Pharmacol Ther. 2010 Nov; 128(2):281-304.P&T

Abstract

Lithium has been used clinically to treat bipolar disorder for over half a century, and remains a fundamental pharmacological therapy for patients with this illness. Although lithium's therapeutic mechanisms are not fully understood, substantial in vitro and in vivo evidence suggests that it has neuroprotective/neurotrophic properties against various insults, and considerable clinical potential for the treatment of several neurodegenerative conditions. Evidence from pharmacological and gene manipulation studies support the notion that glycogen synthase kinase-3 inhibition and induction of brain-derived neurotrophic factor-mediated signaling are lithium's main mechanisms of action, leading to enhanced cell survival pathways and alteration of a wide variety of downstream effectors. By inhibiting N-methyl-D-aspartate receptor-mediated calcium influx, lithium also contributes to calcium homeostasis and suppresses calcium-dependent activation of pro-apoptotic signaling pathways.
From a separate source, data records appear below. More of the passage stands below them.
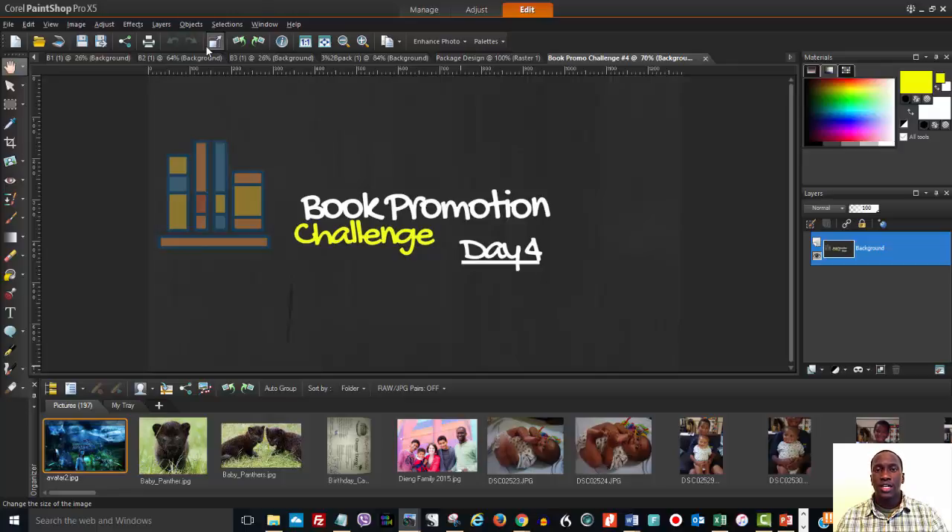And finally, the contact me page is important because after going through the about me page and the books page, if they want to contact you for a speaking engagement or a book signing, they know where to go. So these are the three pages that you absolutely must have.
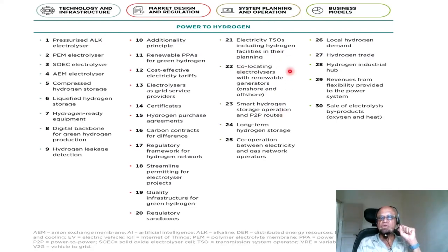In terms of system planning and operation, you have electricity TSOs — transmission system operators — including hydrogen facilities in their planning. So electricity transmission system operators must consider hydrogen as part of their planning. Colocating electrolyzers with renewable generators, so onshore and offshore. There are some ideas of offshore hydrogen production, green hydrogen production, desalination and so on. Smart hydrogen storage operation and P2P purchasing, which is power-to-power routes. Long-term hydrogen storage — leak-proof and maintaining the energy pressure — liquefied, whatever is involved in terms of long-term hydrogen storage.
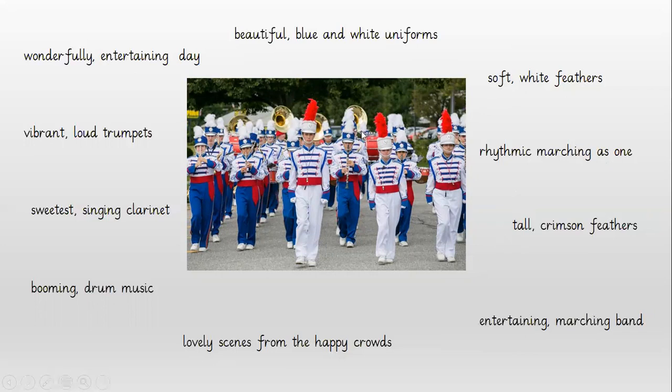And then I see the three at the front have got red feathers. Again I'm not just saying red — I found another word and it's crimson. So I'm saying 'four crimson feathers' with a comma in my list. And we know they are entertaining us, so we are saying they are an 'entertaining marching band' with a comma. Again the lovely scenes from the happy crowds.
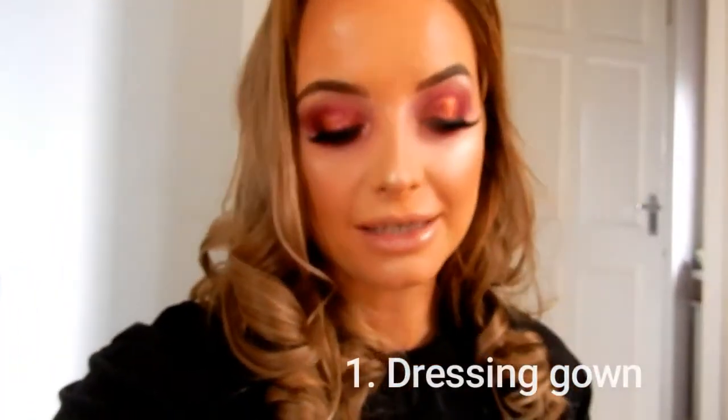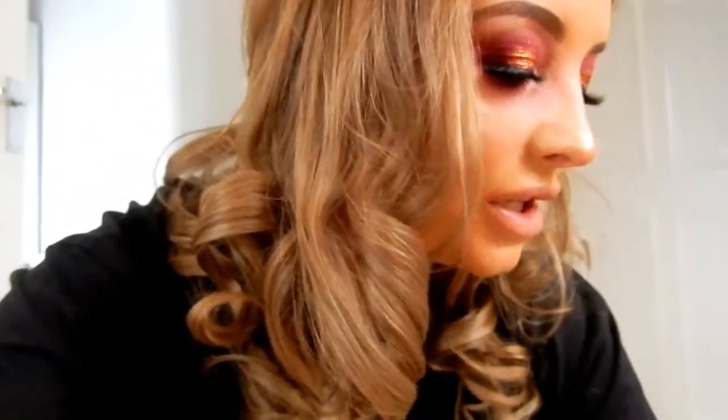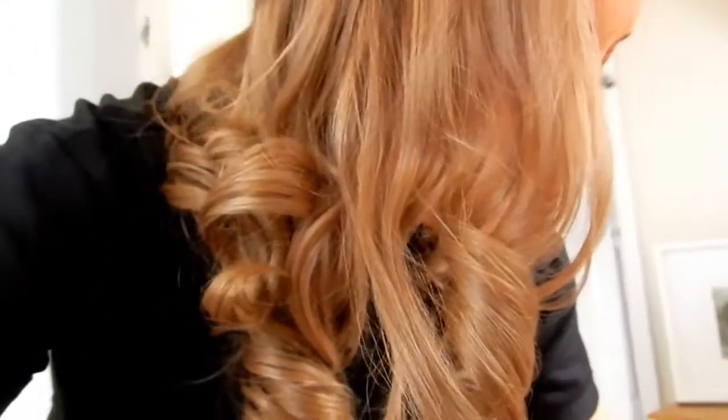I'm just about to head to Nottingham for the Sanctum shoot and I'll show you a few things I've packed that I always take to a shoot. I always take a dressing gown because you never know how cold it's going to be. I also take deodorant, hair brushes, hair bobbles, chewing gum, and a few options of footwear in case of outfit changes. I always take a spare pair of knickers just in case. And then I take something to eat, a big bottle of water, and I'll grab a coffee on the way down.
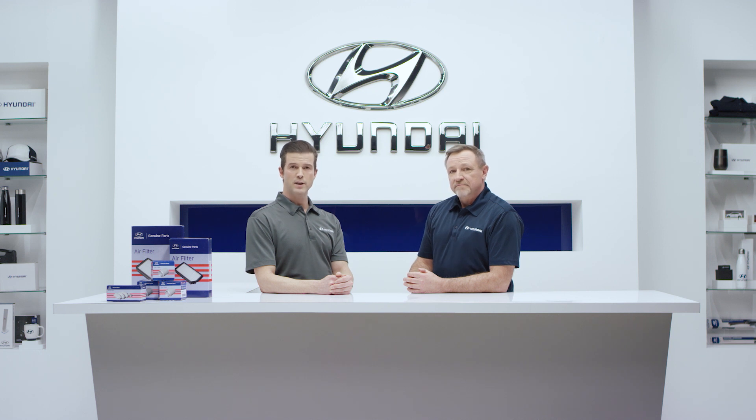Our team of expert Hyundai technicians know what to look for to help protect your tire investment. Want to learn more about Hyundai Genuine Parts and Service? Check out the rest of our video series.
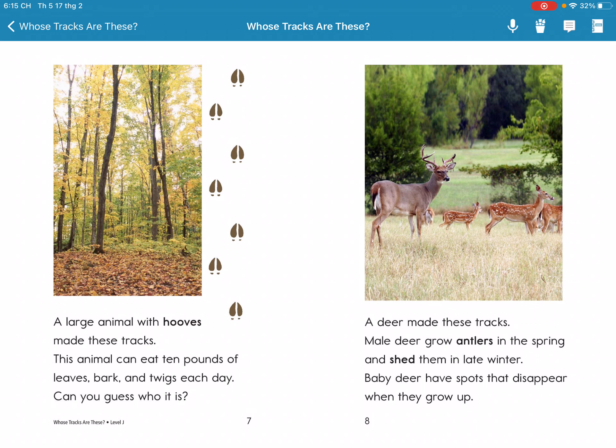Male deer grow antlers in the spring. They shed them in late winter. Baby deer have spots that disappear when they grow up.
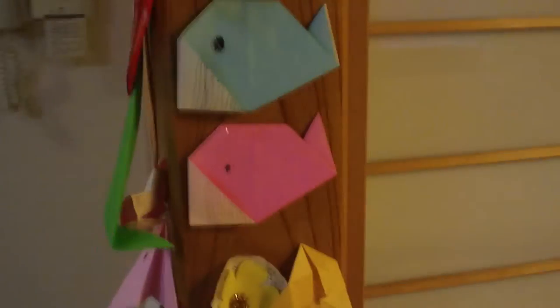Dehumidifier. This was only on for about a couple hours today and it filled up that much — but I've seen it get up to here some days. Here's some origami my cousins made.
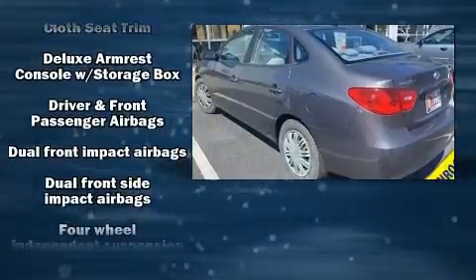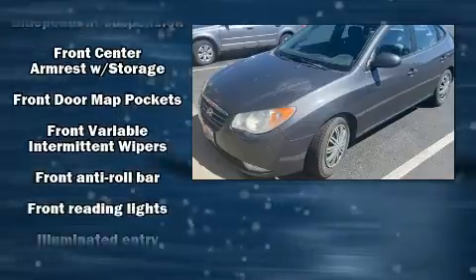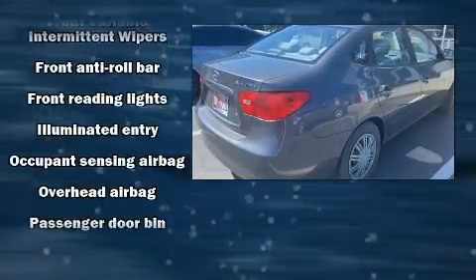Top features include power windows, a tachometer, variably intermittent wipers, heated door mirrors, and remote keyless entry.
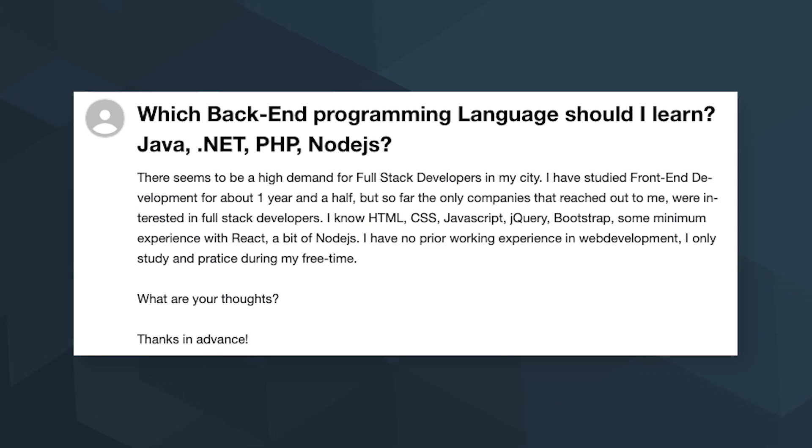There seems to be a high demand for full-stack developers in my city. I have studied front-end development, but so far the only companies that reached out to me were interested in full-stack developers. I know HTML, CSS, JavaScript, jQuery, Bootstrap, and some minimum experience with React. What are your thoughts?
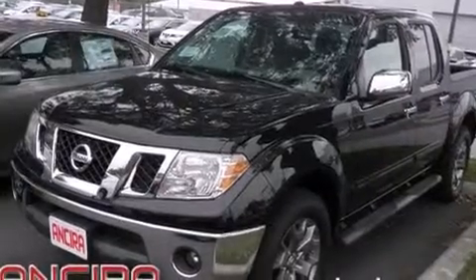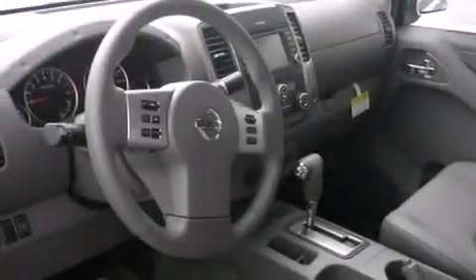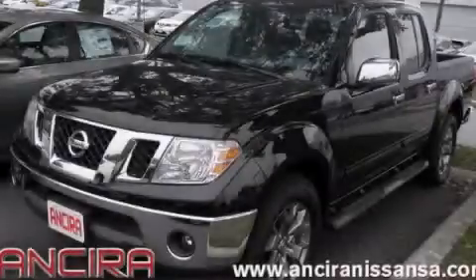Full power accessories, traction control, and heated seats can warm you up in seconds, keeping you and your passengers comfortable the whole trip. This automobile won't last long at this price — call and arrange a test drive now.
In addition, lithium decreases inositol 1,4,5-trisphosphate by inhibiting phosphoinositol phosphatases, a process recently identified as a novel mechanism for inducing autophagy. Through these mechanisms, therapeutic doses of lithium have been demonstrated to defend neuronal cells against diverse forms of death insults and to improve behavioral as well as cognitive deficits in various animal models of neurodegenerative diseases, including stroke, amyotrophic lateral sclerosis, fragile X syndrome, as well as Huntington's, Alzheimer's, and Parkinson's diseases, among others. Several clinical trials are also underway to assess the therapeutic effects of lithium for treating these disorders. This article reviews the most recent findings regarding the potential targets involved in lithium's neuroprotective effects, and the implication of these findings for the treatment of a variety of diseases.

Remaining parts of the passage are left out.